В камерах, о которых идет речь, находилось от тридцати до пятидесяти человек. В среднем на человека приходился один квадратный метр жилой площади. Размеры общих камер в главном корпусе были везде одинаковые: метров десять в длину, пять-шесть в ширину. Высота сводчатого потолка обычная — до трех метров. Два больших окна кроме матовых стекол имели еще и «намордники». Рассмотреть что-либо справа, слева и внизу было невозможно. Только в верхней части проглядывал кусочек неба. Полы выложены каменной плиткой, и по их количеству можно определить размер всей камеры. Высокие панели выкрашены темно-зеленой краской. Она в любое время года создает в помещении мрак.

На стенах справа и слева от входной двери укреплены П-образные трубы, которые при необходимости можно поднять или опустить на массивные деревянные скамейки и соорудить, таким образом, сплошной ряд подставок для деревянных щитов. Когда трубы опущены и на них положены щиты — образуются по всей длине нары.

При поступлении в камеру выдавались ватные матрацы.
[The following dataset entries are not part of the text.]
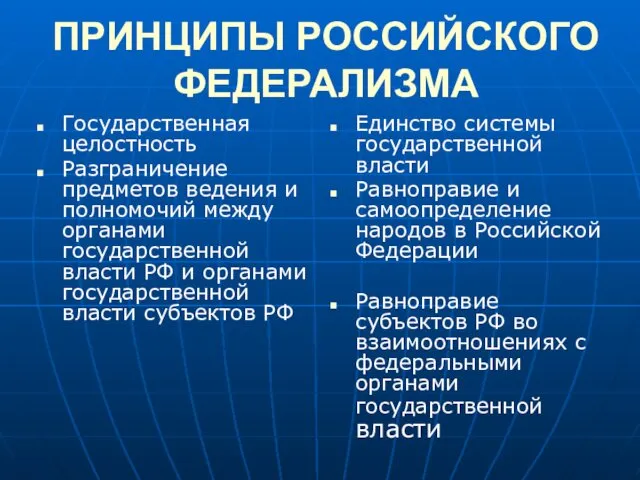 ПРИНЦИПЫ РОССИЙСКОГО ФЕДЕРАЛИЗМА Государственная целостность Разграничение предметов ведения и полномочий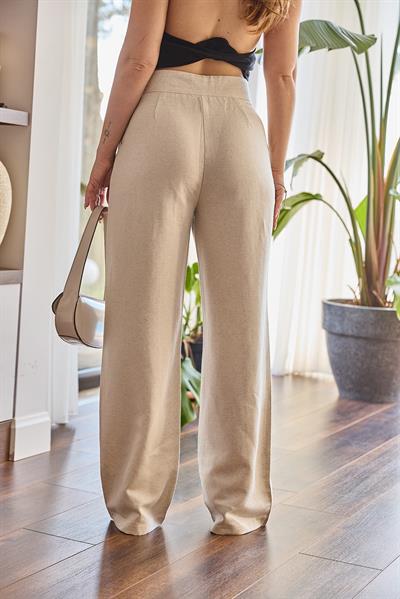 Çırt Kapamalı Bol Paça Keten Pantolon Bej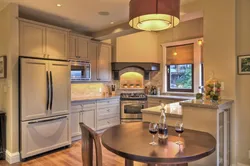 Refrigerator and stove in the kitchen interior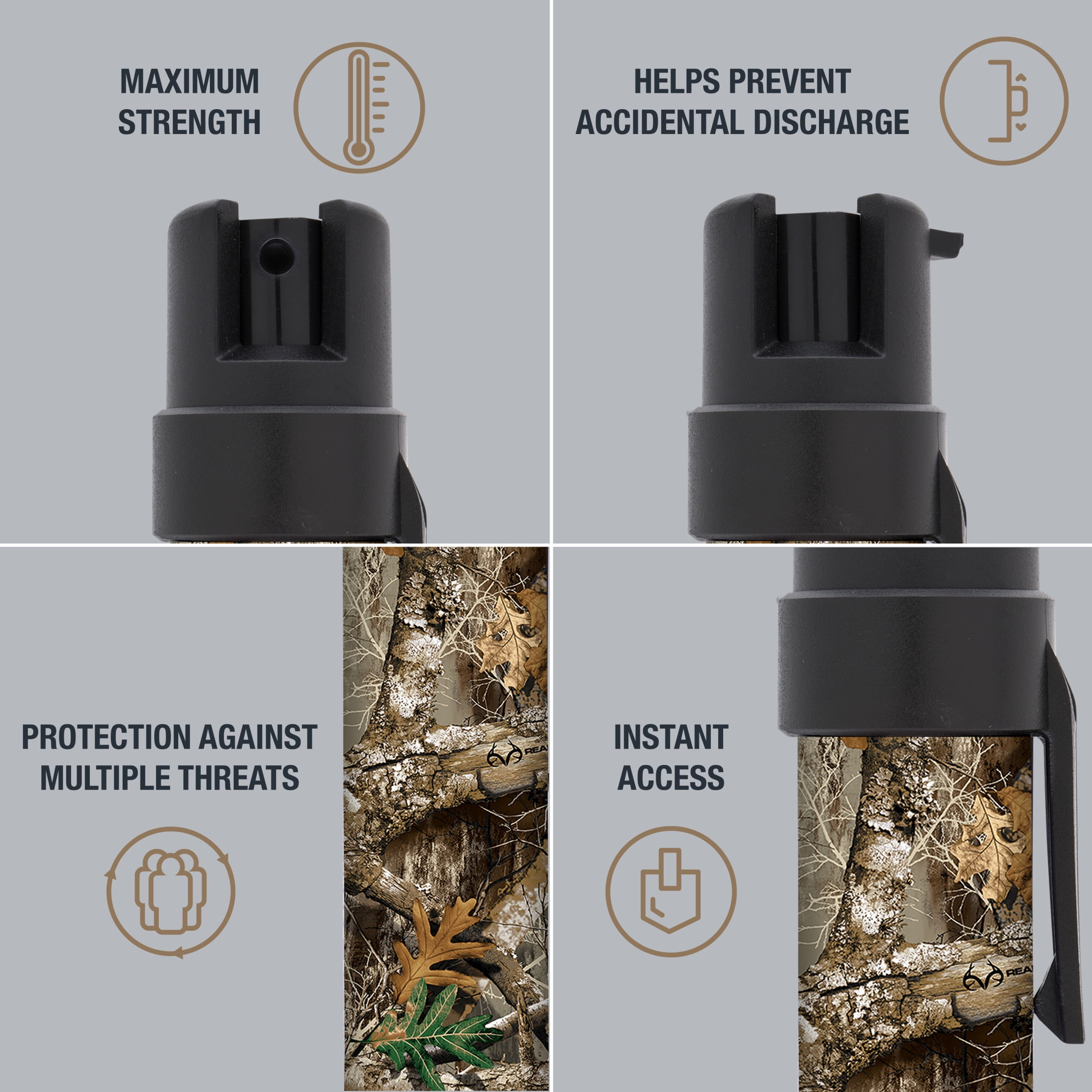 SABRE Realtree Edge Camouflage Compact Pepper Spray with Clip, 0.21 lb, 1 in x 1 in x 3.25 in, New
На ночь их расстилали на щиты, днем сворачивали и убирали в изголовье. Между нарами, ближе к окнам находился трехметровый, с ячейками для посуды, стол и две массивные скамьи. Возле дверей оцинкованная с крышкой «параша». Вот и весь нехитрый инвентарь. При поселении в камеру каждый получал кружку, миску, ложку. Посуда хранилась у каждого в своей ячейке.
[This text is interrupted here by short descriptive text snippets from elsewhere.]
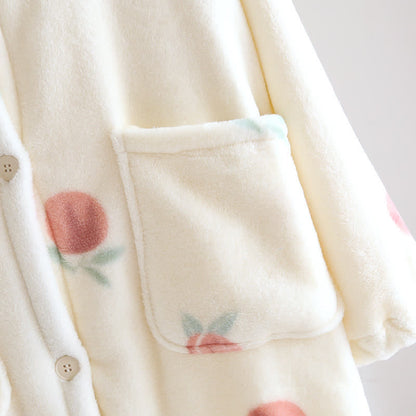 Ownkoti Peach Print Plush Hooded Bathrobe - image 7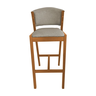 Kit 4 Banquetas Altas de Madeira Maciça Ana em Linho Premium Cor do Assento:bege Linho;cor da Estrut - 4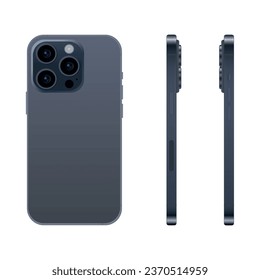 smartphone Blue TITANIUM, plantilla de simulación sobre fondo blanco - Ilustración vectorial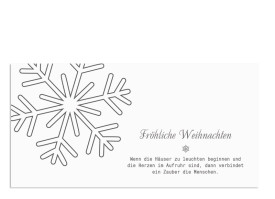 Weihnachtskarte Eiskristall (Postkarte) Grau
За столом постоянно «резались» любители «козла», шахмат, шашек. С этого начиналась разминка каждый день. Желающим читать за столом было трудно — темпераментные игроки и болельщики едва сдерживали страсти. Для чтения приходилось взбираться на нары.

Были желающие вздремнуть. Они, прикрываясь книгой, изображали читающих. Кому-то удавалось обмануть вертухаев, на шесть камерных глазков был один надзиратель и углядеть за всеми было трудно. Правда, режим требовал от надзирателей четкого исполнения обязанностей. Заключенные, усвоив особенности поведения вертухаев, знали на чьем дежурстве удастся подремать. Эта, казалось бы, пустяковая мера не дать зэкам поспать, доставляла неприятное ощущение слежки и связанное с нею напряжение.

Желающие отремонтировать одежду могли получить у дежурного иголку. Ниток не давали; их делали из старых носков сами зэки. Иголка доходила не до каждого, но «голь на выдумку хитра» и некоторые обходились «иглой» собственного изготовления. Шить ею было, конечно, неудобно, так как делали ее из спички. Нитка часто соскакивала из расщелины, но работа по ремонту все же подвигалась.